_Required action:_
An exact copy of the data below is needed; please leave out any pictures.

*** Opening Dataset content ***

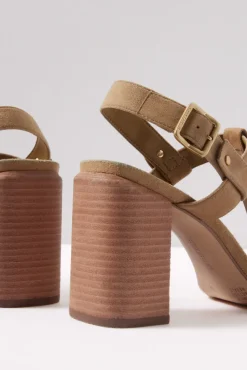 Shoes<VINCE CAMUTO Clarissa Sandal Newtortilla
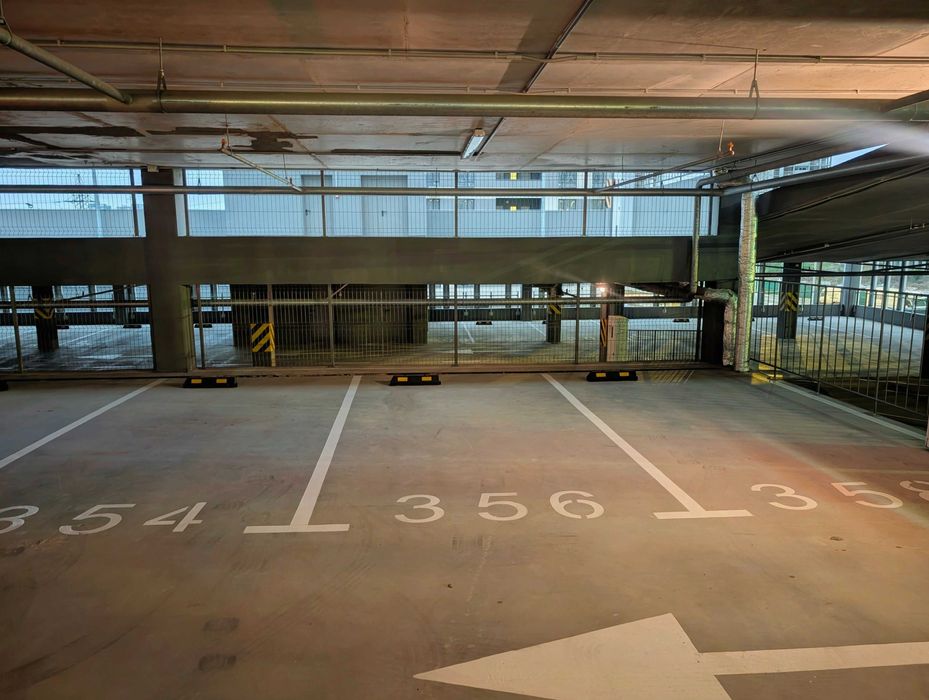 Оренда паркомісця, Варшавський 3, Всеволода Змієнка 32, паркінг 7.9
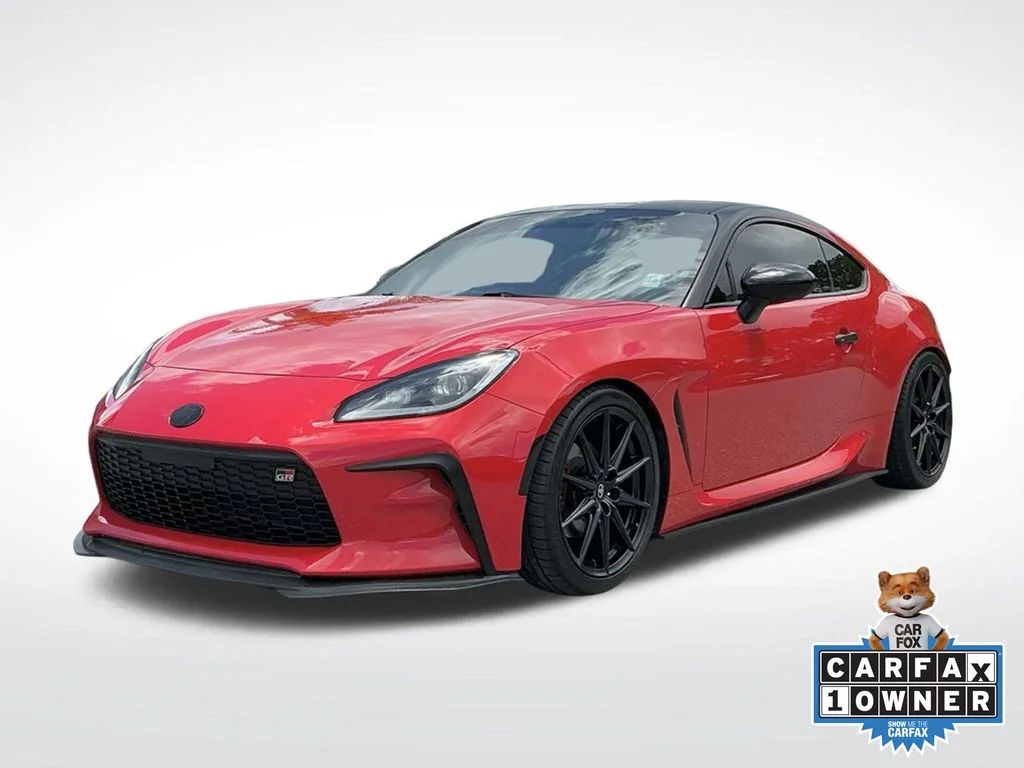 Used 2023  Toyota Premium image 1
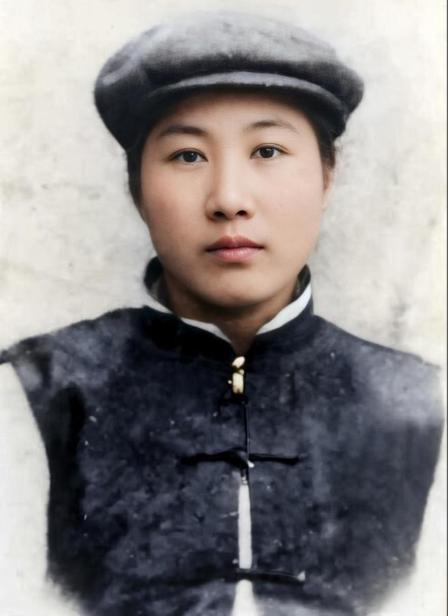 1905 年 秋瑾归国后常年身着男装行走市井，摒弃晚清女子拘束模样。她骑马奔走各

*** Closing Dataset content ***

_Answer to this problem:_
 Shoes<VINCE CAMUTO Clarissa Sandal Newtortilla
 Оренда паркомісця, Варшавський 3, Всеволода Змієнка 32, паркінг 7.9
 Used 2023  Toyota Premium image 1
 1905 年 秋瑾归国后常年身着男装行走市井，摒弃晚清女子拘束模样。她骑马奔走各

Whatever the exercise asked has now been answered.